Yet, Cyclonus could not help but deduce as he watched Galvatron nod, succumbing again to the Scoponok’s power, that his commander might do just that. I cannot allow that, Cyclonus thought, bringing his posture to his full height again. I must show Galvatron that we can succeed without relying on these Nebulans.

“Cyclonus,” Galvatron said, waving his hand toward the door, “we’re finished here.”

“Yes, my lord,” Cyclonus said before turning to leave. Once in the hallway, he did not turn toward his quarters. Instead, he walked to the War Room. That was where he needed to go first, before gathering his troops.

* * *

Fastlane stepped out from the turret he was manning when he saw Sunstreaker speeding up in his vehicle mode. Ultra Magnus had been trying to contact the wayward warrior for the last day, but the best information they had was that he left his surveillance post on Nebulos and some other spotty information from the monitoring stations along the way. Earth Defense Command had notified them of an Autobot shuttle that landed down the coast ahead of schedule and that a high strung and very rude Autobot blasted his way out of the containment area and started speeding up toward Autobot City. When Magnus saw that the rude Autobot in question was Sunstreaker, he apologized and asked that he would be allowed to deal the situation. Fastlane couldn’t help but notice that it did not take nearly as long as Magnus had estimated for Sunstreaker to make the trip. Fastlane crossed a short path to the main road stood in the path leading to Metroplex’s primary entrance.

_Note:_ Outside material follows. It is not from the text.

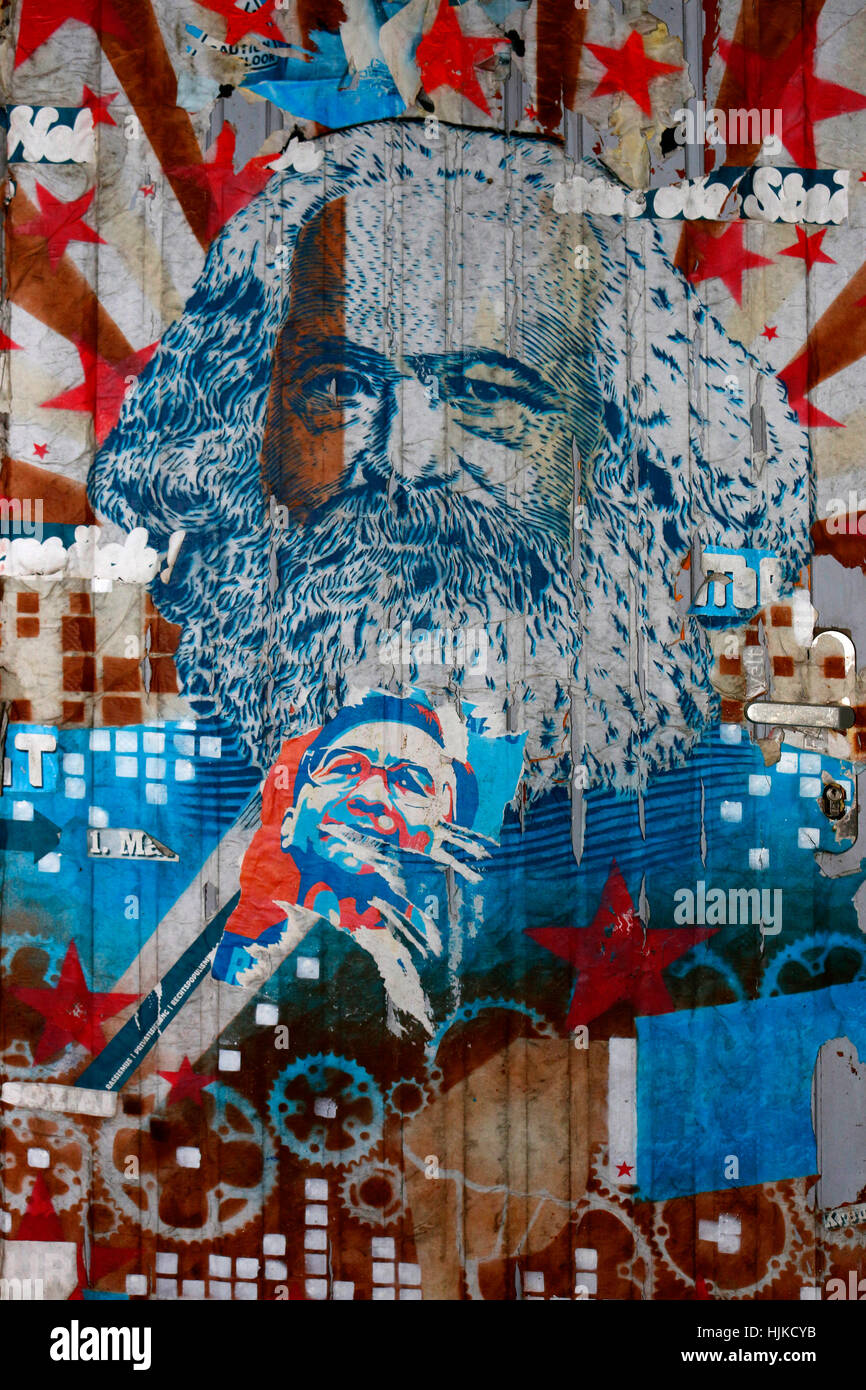 Graffiti / Street Art: Karl Marx, Berlin. Stockfoto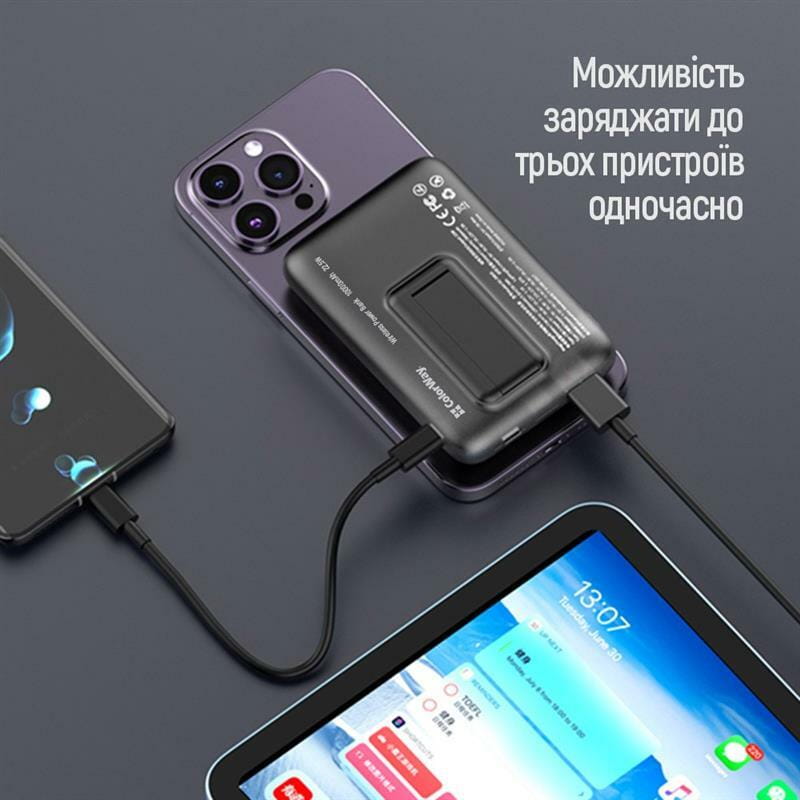 Універсальна мобільна батарея ColorWay 15W MagSafe 10000mAh Black (CW-PB100LPA3BK-WPDD)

The red Autobot watched Sunstreaker hurriedly transform and start sprinting, seemingly oblivious to the other Autobot waving him down.

“Whoa there, buddy ” Fastlane called after realizing Sunstreaker had no intention of slowing down. “Magnus wants to see you be—oof ”

Fastlane grunted as the larger warrior simply barreled right over him as if he were an inanimate roadblock and continue to the main door, activating his passkey without missing a beat. Fastlane slowly sat up, trying to ignore the pain in his head from banging it against the metal bridge. He slowly rolled over and watched the door slide shut, Sunstreaker already out of view.

“Magnus, this is Fastlane,” he grumbled into his radio. “That jerk-off you were waiting for just went into the city. You better get to him before I do.”

“Ease off your throttle, Fastlane,” came the curt reply from the city commander. “And return to your station.”

Fastlane mumbled in compliance and, after lifting himself to a standing position, limped back to his post.

* * *

Sunstreaker rushed out of Metroplex’s medical wing and looked around. He spotted Hubcap walking slowly down the hall, staring down at a data pad, and ran toward the Minibot’s position.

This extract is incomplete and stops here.